In the classic Super Mario Bros, given that the level mainly expands horizontally, the camera only moves horizontally. The camera movement is affected by a camera window–the camera will only follow the player when the player reaches the edge of the window, in this case is roughly the center of the screen. When moving, the camera directly snaps to where the player is, meaning that there’s no smooth movement or any slight delay. But players still perceive a smoothing effects because the movement of Mario himself has a fade-in and fade-out process. Interestingly, when players try to walk backwards in Super Mario Bros, the camera won’t follow them to go back and therefore restricts how much players can go back.
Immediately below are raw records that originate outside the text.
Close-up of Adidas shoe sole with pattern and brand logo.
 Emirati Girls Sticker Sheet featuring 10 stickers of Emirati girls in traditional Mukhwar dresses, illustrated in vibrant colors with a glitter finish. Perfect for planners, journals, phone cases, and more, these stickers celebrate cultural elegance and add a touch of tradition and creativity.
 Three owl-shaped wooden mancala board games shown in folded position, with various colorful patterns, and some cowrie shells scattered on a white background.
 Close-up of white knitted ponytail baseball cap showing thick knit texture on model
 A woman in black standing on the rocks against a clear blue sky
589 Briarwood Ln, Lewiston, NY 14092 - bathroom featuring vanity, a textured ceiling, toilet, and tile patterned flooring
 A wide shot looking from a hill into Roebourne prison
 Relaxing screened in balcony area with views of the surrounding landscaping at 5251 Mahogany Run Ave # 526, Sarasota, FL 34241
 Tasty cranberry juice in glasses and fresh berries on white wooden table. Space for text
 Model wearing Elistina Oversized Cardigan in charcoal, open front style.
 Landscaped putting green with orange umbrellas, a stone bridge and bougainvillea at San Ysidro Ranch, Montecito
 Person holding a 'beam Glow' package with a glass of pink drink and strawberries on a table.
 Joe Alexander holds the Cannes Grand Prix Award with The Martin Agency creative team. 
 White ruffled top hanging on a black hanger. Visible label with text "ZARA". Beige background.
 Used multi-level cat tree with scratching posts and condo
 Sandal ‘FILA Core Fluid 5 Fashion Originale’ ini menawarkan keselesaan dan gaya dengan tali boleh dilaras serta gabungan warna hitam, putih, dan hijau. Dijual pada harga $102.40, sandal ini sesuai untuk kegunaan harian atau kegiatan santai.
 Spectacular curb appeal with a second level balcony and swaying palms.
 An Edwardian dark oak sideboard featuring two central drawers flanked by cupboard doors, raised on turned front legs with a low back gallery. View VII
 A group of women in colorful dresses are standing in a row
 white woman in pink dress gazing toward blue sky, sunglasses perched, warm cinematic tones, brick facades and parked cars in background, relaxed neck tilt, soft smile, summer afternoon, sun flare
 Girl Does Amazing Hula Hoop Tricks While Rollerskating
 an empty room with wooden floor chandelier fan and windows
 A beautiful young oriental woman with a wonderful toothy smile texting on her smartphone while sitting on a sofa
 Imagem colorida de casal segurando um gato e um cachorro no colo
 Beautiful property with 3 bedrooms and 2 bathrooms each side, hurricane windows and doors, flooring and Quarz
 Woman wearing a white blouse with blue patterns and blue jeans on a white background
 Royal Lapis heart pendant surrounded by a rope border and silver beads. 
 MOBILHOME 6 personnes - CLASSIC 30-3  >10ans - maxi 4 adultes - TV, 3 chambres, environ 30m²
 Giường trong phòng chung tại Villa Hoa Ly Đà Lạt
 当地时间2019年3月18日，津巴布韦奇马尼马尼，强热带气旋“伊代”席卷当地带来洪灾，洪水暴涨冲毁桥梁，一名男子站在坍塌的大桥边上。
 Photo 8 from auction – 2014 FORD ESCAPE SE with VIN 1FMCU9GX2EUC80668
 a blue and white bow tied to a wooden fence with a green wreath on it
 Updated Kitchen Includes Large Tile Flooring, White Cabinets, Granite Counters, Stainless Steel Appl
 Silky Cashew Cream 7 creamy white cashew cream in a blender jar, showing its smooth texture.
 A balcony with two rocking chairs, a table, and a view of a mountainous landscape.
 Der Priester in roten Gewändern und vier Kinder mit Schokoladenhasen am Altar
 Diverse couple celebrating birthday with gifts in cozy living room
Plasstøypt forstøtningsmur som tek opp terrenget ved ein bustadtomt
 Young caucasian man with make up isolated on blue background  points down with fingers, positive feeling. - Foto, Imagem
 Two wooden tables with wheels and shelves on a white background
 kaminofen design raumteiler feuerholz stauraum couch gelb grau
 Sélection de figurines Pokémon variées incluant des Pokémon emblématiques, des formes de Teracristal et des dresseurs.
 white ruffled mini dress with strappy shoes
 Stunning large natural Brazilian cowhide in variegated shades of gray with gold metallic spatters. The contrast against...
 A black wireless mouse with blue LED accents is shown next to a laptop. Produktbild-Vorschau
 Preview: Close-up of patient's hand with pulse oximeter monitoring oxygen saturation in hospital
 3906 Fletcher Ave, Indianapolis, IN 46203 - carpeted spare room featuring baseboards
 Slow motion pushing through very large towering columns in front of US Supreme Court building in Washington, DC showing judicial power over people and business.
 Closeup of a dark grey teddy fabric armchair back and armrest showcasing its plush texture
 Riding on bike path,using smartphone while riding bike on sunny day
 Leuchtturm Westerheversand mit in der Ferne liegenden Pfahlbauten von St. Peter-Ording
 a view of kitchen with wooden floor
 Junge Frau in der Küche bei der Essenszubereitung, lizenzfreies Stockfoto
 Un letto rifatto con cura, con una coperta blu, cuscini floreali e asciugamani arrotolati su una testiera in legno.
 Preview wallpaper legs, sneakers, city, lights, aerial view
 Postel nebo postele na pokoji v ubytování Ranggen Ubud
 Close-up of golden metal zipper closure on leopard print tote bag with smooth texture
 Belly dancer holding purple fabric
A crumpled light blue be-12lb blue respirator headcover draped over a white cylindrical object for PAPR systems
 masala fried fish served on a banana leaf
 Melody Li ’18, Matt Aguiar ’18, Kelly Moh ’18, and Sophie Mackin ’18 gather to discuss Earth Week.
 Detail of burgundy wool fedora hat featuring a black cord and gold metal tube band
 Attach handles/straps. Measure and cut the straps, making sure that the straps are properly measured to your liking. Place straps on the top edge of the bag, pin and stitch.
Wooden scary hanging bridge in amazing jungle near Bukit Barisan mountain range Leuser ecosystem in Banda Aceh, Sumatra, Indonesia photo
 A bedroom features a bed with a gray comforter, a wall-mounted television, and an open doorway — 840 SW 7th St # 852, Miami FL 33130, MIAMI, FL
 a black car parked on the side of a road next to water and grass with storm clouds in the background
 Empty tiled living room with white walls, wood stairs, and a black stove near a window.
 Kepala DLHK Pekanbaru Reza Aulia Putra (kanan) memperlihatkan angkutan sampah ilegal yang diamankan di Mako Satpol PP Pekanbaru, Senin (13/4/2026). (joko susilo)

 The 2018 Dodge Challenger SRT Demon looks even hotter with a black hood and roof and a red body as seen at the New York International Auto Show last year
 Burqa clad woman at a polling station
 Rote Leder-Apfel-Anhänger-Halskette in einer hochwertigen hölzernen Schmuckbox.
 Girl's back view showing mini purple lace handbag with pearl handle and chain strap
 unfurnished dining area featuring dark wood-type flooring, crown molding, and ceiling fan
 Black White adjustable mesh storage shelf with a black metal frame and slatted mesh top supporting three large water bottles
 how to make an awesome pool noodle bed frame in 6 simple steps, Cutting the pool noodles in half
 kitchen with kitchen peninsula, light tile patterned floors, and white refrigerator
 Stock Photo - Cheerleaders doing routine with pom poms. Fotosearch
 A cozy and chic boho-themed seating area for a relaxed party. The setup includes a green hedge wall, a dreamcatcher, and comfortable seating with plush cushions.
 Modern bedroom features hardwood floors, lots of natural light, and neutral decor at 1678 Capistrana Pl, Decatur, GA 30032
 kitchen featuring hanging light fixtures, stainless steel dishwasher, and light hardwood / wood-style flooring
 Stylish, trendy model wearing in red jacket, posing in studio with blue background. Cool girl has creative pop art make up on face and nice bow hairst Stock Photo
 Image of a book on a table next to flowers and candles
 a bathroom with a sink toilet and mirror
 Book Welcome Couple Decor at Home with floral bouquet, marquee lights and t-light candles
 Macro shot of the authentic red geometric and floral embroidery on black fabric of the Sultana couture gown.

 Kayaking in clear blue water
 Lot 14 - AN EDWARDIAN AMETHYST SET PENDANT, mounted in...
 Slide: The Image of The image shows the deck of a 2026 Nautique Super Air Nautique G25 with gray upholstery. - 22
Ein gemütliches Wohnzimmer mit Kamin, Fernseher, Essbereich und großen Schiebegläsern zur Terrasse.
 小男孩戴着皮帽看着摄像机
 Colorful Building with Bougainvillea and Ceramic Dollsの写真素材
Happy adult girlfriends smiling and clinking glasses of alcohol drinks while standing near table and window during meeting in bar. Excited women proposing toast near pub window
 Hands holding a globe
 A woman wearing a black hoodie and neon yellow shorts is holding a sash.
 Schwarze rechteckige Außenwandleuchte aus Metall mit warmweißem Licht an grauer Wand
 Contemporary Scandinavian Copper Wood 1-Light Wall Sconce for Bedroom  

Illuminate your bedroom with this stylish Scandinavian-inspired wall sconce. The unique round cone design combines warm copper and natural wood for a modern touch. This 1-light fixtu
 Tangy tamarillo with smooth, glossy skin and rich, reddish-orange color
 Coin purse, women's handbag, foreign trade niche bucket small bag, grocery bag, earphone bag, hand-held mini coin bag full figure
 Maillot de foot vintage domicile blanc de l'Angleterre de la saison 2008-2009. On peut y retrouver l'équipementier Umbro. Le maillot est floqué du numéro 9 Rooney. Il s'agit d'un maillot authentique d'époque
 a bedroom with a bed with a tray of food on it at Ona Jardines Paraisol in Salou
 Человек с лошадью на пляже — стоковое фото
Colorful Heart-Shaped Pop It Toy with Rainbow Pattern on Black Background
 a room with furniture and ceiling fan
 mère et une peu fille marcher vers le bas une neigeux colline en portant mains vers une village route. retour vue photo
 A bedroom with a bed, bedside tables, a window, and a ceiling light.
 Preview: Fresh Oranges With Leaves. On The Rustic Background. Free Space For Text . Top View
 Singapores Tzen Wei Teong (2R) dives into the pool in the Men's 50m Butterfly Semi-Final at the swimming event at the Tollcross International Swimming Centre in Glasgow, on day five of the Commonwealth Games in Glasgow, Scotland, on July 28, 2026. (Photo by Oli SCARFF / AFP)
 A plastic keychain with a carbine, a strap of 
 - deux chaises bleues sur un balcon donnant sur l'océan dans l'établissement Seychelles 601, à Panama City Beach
Super Mario Bros is a very hardcore platformer where players are expected to pay attention to how platforms are laid out and what the enemy patterns are. There are a lot of situations where players need to do micro-adjustment while standing at the edge of a platform. Therefore it would make sense for the camera only to move after exceeding a certain window as opposed to always snapping to the player, which could be visually annoying. It makes sense for them to set the edge of the window at the center so that players can have enough view of what’s to come and have enough time to react. The game doesn’t allow the camera to scroll back because it wants players to dash forward instead of wondering around and explore. 

Mega Man

Technically, it’ll be inaccurate to talk about Mega Man series as a whole since different games under the franchise have slightly different camera movement design. In the original Mega Man series, the levels are divided into chunks. A lot of chunks are just the same size as the camera view, and the camera would be still most of the time when players move inside a chunk. There are, however, some chunks of the level that are longer or taller than the camera view. In those chunks, the camera will directly follow the player in a linear fashion, placing the player almost at the center, until the camera reaches the edge of a chunk. When players go from one chunk to another chunk, the camera will entirely shift from one chunk to another before players can start moving.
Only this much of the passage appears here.